======== Data excerpts

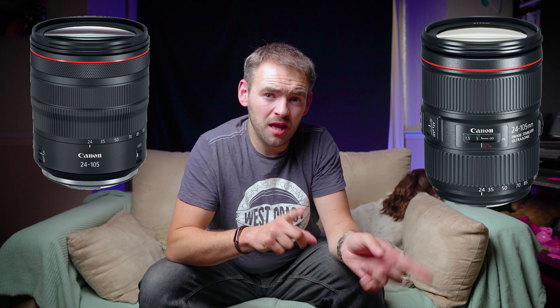If you think about it, the 24 to 105 f4 they've now produced for the RF mount is marginally smaller than the 24 to 105 for DSLRs. They're also going to be announcing a 24 to 70 f2.8 to complete the holy trinity, and odds are that will be slightly smaller than the DSLR version too.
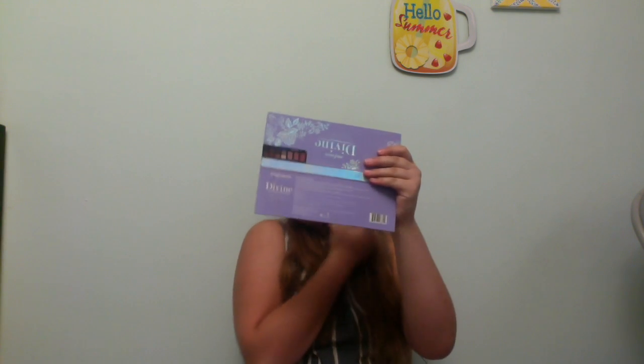Now I'm going to do my cream blush and bronzer. Grace, do you have a cream blush and bronzer? You have powder blush and bronzer, right? Okay, so while I do my cream blush and bronzer, she's just going to set her face. Grace is going to get her makeup bag, and next she'll be setting her face.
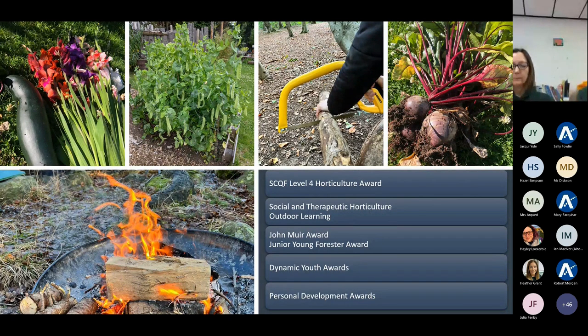Our STH — Social Therapeutic Horticulture — is essentially a nurture group which uses gardening and associated activities to develop physical skills as well as the development of the whole person. Spending time in nature is good for us. Getting soil on our hands is a natural antidepressant, but also allows the teacher to work alongside pupils and stimulate non-threatening conversations. Our Level 3 Dynamic Youth Award and Personal Development Award complement the STH sessions and are people-led. They are a practical way to gain additional National 3 qualifications and provide an opportunity to gain skills for life and skills for work.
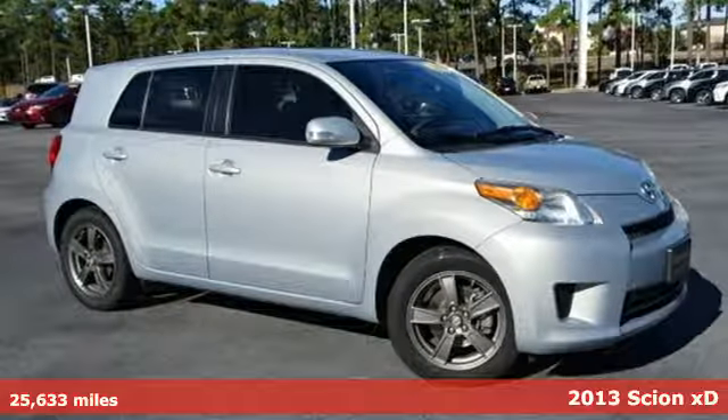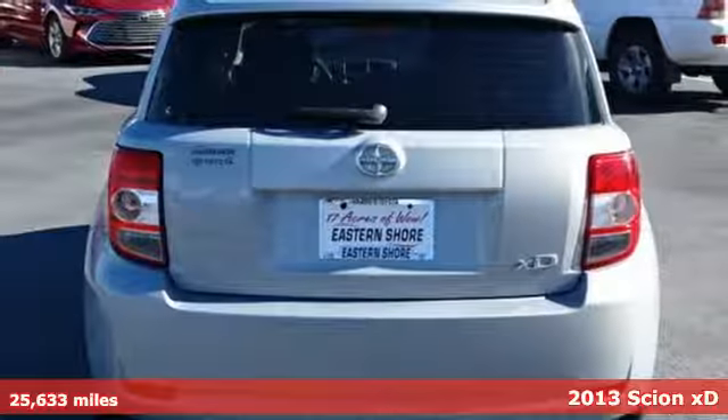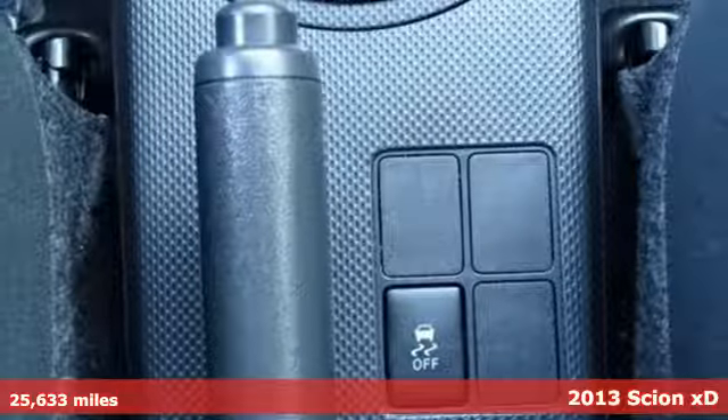It's a 2013 Scion XD. This is an urban subcompact that is designed to balance fuel efficiency and value with style and comfort.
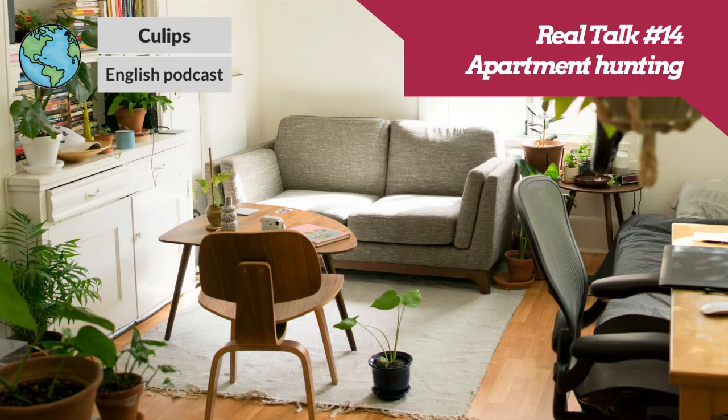So today we're going to tackle this annoying task head on and do a Real Talk episode. Real Talk is the series where we take a close look at situations you need to know how to navigate if you live in an English-speaking country. In this episode, we're going to look at a very important situation: looking for an apartment — or more specifically, calling a landlord or a property manager to find out information about an apartment listing.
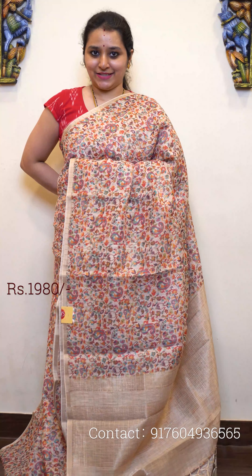Priced at 1980. Next we have a green with beautiful floral patterns all over. Very pretty jari ribbon borders on either sides, a beautiful jari pallu in green, and a self-printed green color blouse.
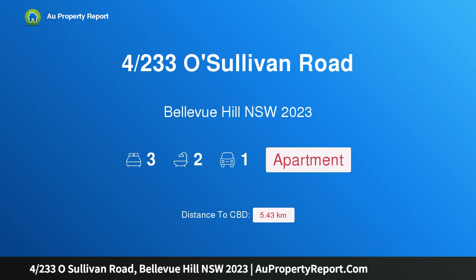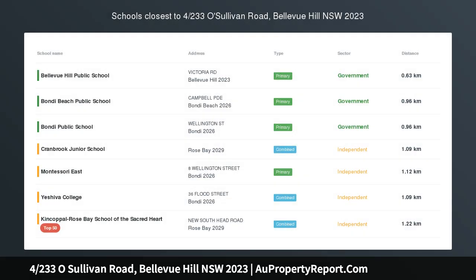Hi, I am glad to introduce the property at 4/233 O'Sullivan Road, Bellevue Hill, New South Wales 2023.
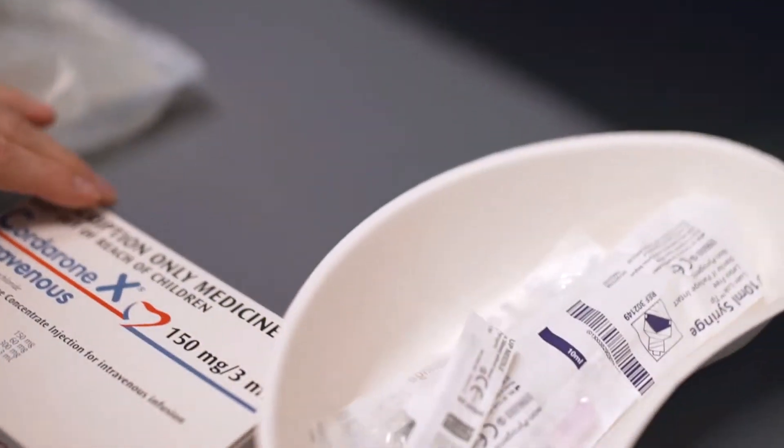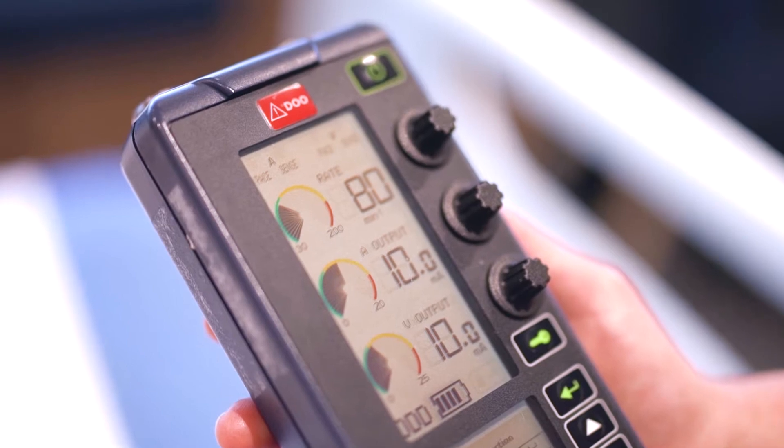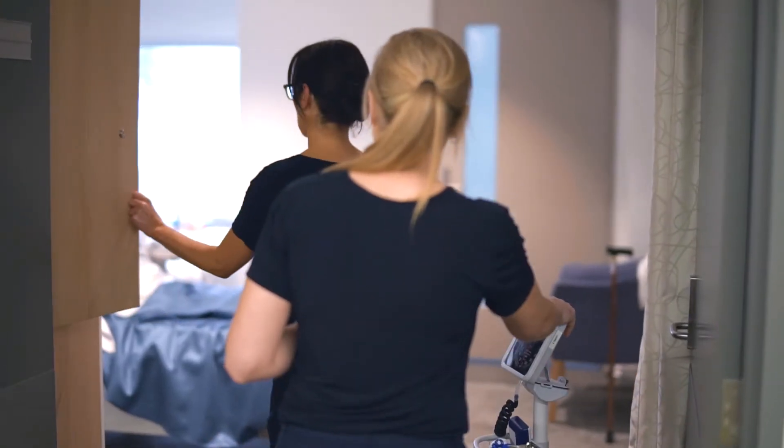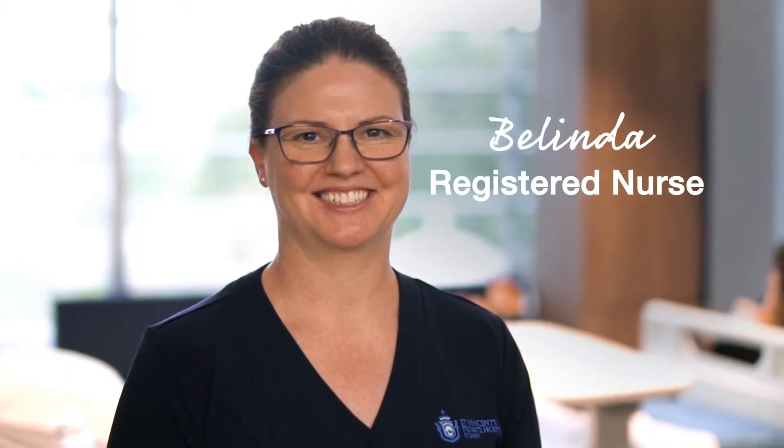Heart failure, arrhythmias, EPS, ablation, pacemakers, ICD, stent implantation, TAVI, coronary artery bypass surgery, temporary pacing. These are just some of the things that make being a nurse on the cardiac ward so exciting.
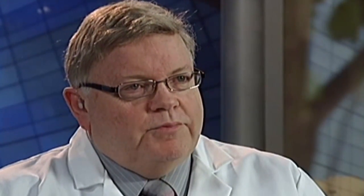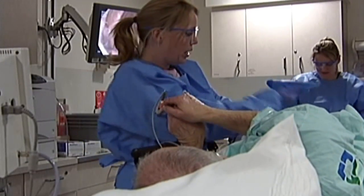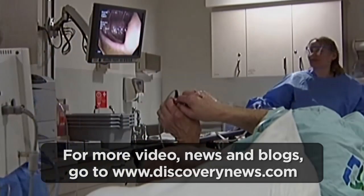If you see something on a virtual colonoscopy, then you have to make an appointment for a regular colonoscopy as well. The American Cancer Society accepts CT colonoscopies as a recommended way to screen for colon cancer. For Discovery News, I'm Jorge Rivas.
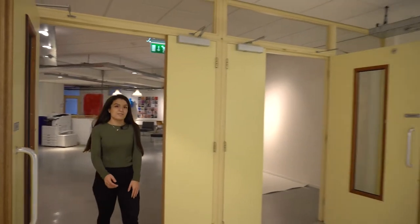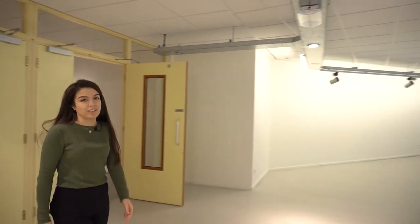Welcome to our main hall. This is where we have some of our lectures and guest lectures from all over the world.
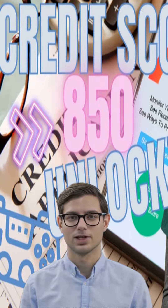Credit utilization refers to the amount of credit that you are currently using compared to your available credit limit. A high credit utilization ratio can indicate that you are relying too heavily on credit, which can be seen as a red flag by lenders. It is generally recommended to keep your credit utilization ratio below 30% to maintain a good credit score.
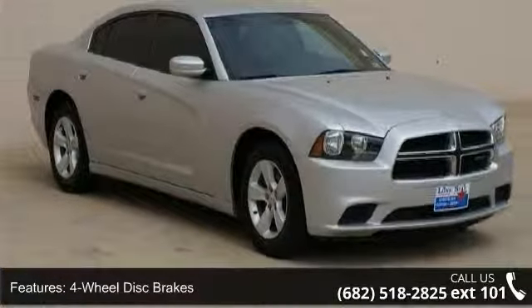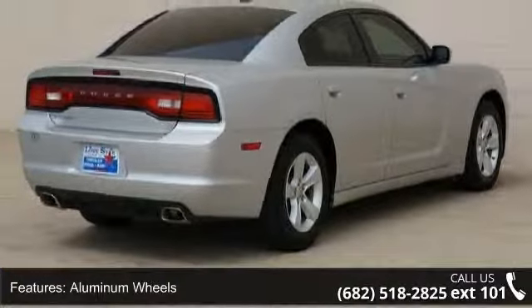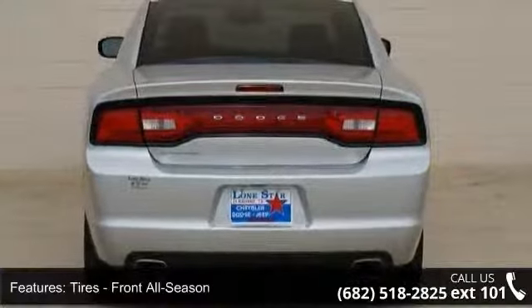If you are looking for a solid pre-owned car, this might be the one. Low mileage is an important factor in your purchase, and this vehicle delivers a low odometer reading.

================

**Instructions for the task:** Reproduce the lines above beginning at the line that contains "Our STH — Social" and ending at the line that contains "It's a 2013". No pictures.

**Solution to the problem:**
Our STH — Social Therapeutic Horticulture — is essentially a nurture group which uses gardening and associated activities to develop physical skills as well as the development of the whole person. Spending time in nature is good for us. Getting soil on our hands is a natural antidepressant, but also allows the teacher to work alongside pupils and stimulate non-threatening conversations. Our Level 3 Dynamic Youth Award and Personal Development Award complement the STH sessions and are people-led. They are a practical way to gain additional National 3 qualifications and provide an opportunity to gain skills for life and skills for work.
It's a 2013 Scion XD. This is an urban subcompact that is designed to balance fuel efficiency and value with style and comfort.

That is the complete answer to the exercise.